### The input
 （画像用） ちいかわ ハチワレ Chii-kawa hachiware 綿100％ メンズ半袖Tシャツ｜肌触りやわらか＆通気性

==

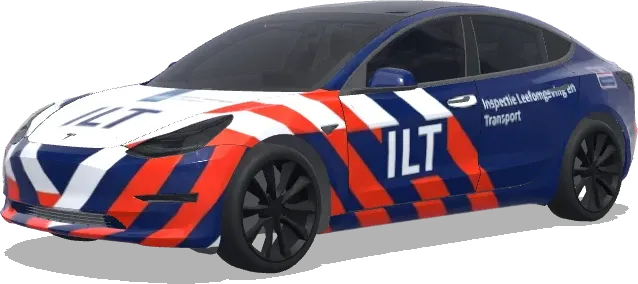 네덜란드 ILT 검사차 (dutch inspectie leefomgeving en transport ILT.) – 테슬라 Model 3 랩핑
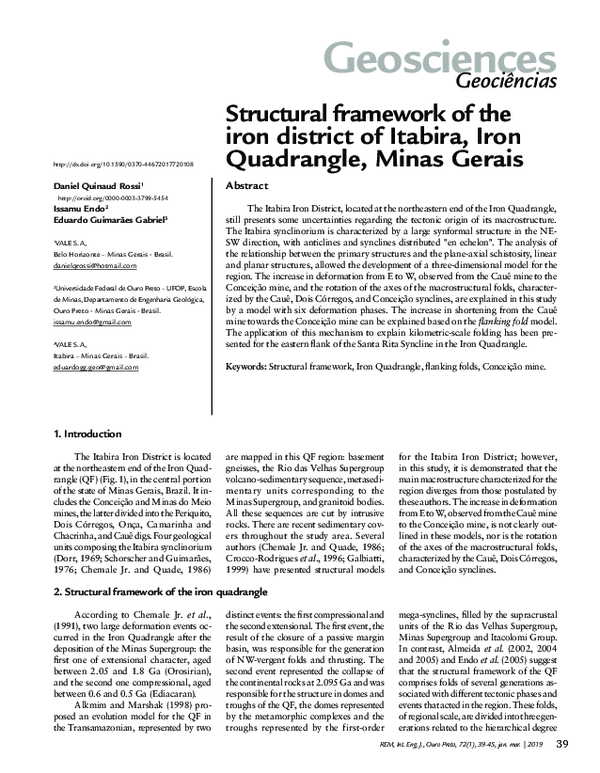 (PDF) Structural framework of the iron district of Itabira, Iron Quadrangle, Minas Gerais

---

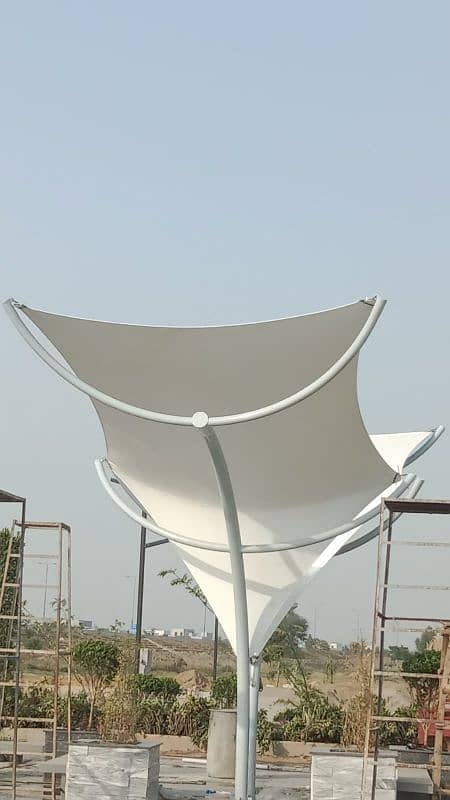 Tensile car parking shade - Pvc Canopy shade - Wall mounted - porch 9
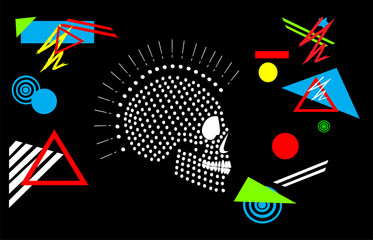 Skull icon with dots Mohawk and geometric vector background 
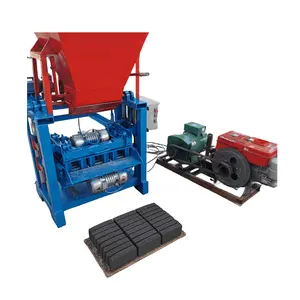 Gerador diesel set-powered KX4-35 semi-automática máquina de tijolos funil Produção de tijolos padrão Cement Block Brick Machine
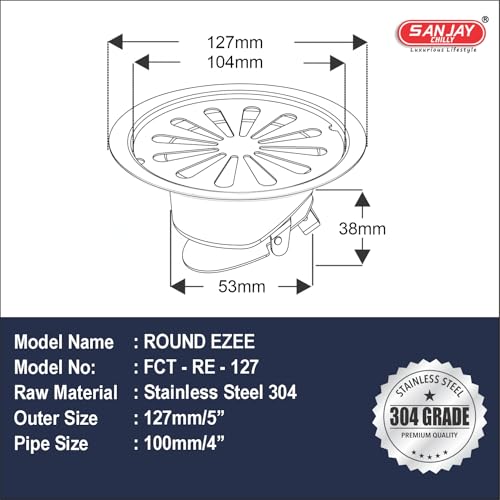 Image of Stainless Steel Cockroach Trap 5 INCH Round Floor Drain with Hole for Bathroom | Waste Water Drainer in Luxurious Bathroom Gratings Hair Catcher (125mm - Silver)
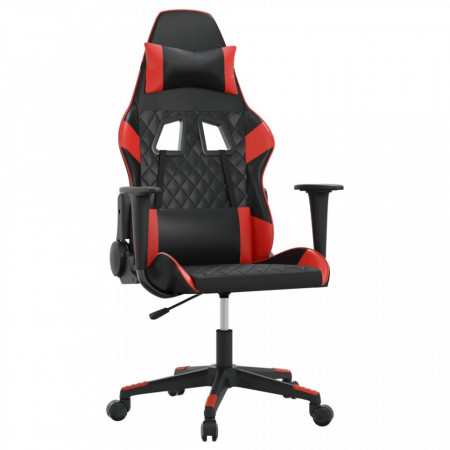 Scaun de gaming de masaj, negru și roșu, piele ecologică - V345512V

### Try it
All that is wanted is the lines above between the one containing "Tensile car parking" and the one containing "Scaun de gaming", inclusive, restated word for word, with pictures omitted.

### Solution below
 Tensile car parking shade - Pvc Canopy shade - Wall mounted - porch 9
 Skull icon with dots Mohawk and geometric vector background 
 Gerador diesel set-powered KX4-35 semi-automática máquina de tijolos funil Produção de tijolos padrão Cement Block Brick Machine
 Image of Stainless Steel Cockroach Trap 5 INCH Round Floor Drain with Hole for Bathroom | Waste Water Drainer in Luxurious Bathroom Gratings Hair Catcher (125mm - Silver)
 Scaun de gaming de masaj, negru și roșu, piele ecologică - V345512V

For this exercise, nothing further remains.